PAIN IS A WARNING: PERHAPS, ONCE AND FOR ALL, TODAY IS THE DAY FOR TODAY IS THE DAY
Even in Today is the Day’s hard-to-classify catalog (Deeply disturbed psychogrind/doom with apocalyptic deathfolk influences? Intense grindy noisecore with suicidal outlaw country asides? Christ, who the fuck cares?), Pain is a Warning is somewhat of an anomaly. Granted, there are elements on it that have been touched on my the band before — big-ass riffs and quiet, contemplative moments — but… something’s missing. Early TITD albums (and Kiss the Pig, of course) were akin to starting up a conversation with the guy standing alone and twitching at the train station: he’ll be intense, at times hard to relate to, have some interesting things to say, and ultimately very much not for everyone. There’s been a tense wall of standoffishness to the band’s stuff, and that’s what made it great. If it was your thing, it was like someone was speaking to an intensely personal place. If it wasn’t your thing, it was incredibly unnerving. Even the folks in the middle would at least say it wasn’t a band they could listen to every day. That element is missing on Pain is a Warning.
Well, not completely, but it’s more manageable on their new album. And while the NEW THING=NO DEAL! kneejerk reaction awaits, Pain is a Warning, a curveball in a career full of them, is boldly different, and thus, fucking excellent. Whereas something like In the Eyes of God is taut and jittery like a rabid animal, Pain is a Warning is elephantine. We know what Steve Austin sounds like when he’s pissy, losing his religion, furious, murderous, bummed out, depressed, despondent, and fairly angry; what does he sound like when he just wants to bowl shit over? Pain is a Warning answers that question.
Perhaps taking a cue from Anal Cunt’s Fuckin’ A, Pain is a Warning is filled with fucking cock rock. AC/DC riffs, fiery solos, twangy ZZ Top chorus riffs, and other pleasantly surprising flourishes pop up everywhere. That being said, implying that it’s a straight-up cock rock album — or a straight up any kind of album — is misleading.

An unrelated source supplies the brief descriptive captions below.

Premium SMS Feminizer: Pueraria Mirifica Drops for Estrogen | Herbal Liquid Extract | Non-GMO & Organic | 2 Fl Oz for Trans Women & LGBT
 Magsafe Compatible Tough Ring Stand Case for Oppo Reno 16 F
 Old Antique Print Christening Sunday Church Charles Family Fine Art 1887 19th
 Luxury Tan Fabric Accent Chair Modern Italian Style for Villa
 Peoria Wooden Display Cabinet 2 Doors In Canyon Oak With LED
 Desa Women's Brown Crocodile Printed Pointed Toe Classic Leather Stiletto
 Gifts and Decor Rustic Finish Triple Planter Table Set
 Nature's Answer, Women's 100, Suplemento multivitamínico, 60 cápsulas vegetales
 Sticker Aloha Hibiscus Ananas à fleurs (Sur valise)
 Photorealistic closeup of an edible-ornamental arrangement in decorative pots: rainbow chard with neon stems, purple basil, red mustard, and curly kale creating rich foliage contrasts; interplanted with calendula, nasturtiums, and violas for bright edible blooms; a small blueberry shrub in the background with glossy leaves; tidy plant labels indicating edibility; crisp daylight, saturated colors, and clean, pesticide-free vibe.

The band shifts gears from song to song, from the aforementioned cock rock (the Foghat-just-after-being-rear-ended viciousness of “Samurai”) to breathy Sonic Youth quietness (“Remember to Forget”) to hardcore, complete with gang vocals (“The Devil’s Blood”). Even the more typical TITD fare — “Expectations Exceed Reality” and “Death Curse” both provide a sneering opening to the record — sounds bigger, more brash. Don’t get me wrong, this is clearly a Today is the Day album (Austin’s scream is pretty hard to mistake for anyone else, after all), but the revelations and asides feel fresh. It’s also the most listenable thing the band has released, and easily the most rocking.
The album’s accessibility is probably one of the ballsiest things they’ve ever done. After a decade-and-a-half-and-probably-more of making abrasive music, then augmenting it with folk and prog, the band flirt with an alien philosophy: being a band people can more easily like. But the difference between this and other bands’ bizarre sellout moves is that it all works and never resorts to pandering. It’s not catchy, but infectious. Kurt Ballou’s production, while certainly equipped with more clarity than Austin’s production work, simply oils a well-functioning machine. So yeah, while it’s theoretically alarmingly approachable, it’s undeniably good. Who knows how the feral animals of the message board community (not you guys below, though. You guys are the best and junk) are gonna treat it, but I hope it’s not too savagely. There are bigger stylistic debates to wage and artistic failures to tear down; it’d be a shame to blow a gasket over something as defiantly likable yet substantial as Pain is a Warning. Plus if the doom-y riff-fest that is “Slave to Serenity” doesn’t give you at least half a stiffy, I don’t know why you’re listening to metal at all.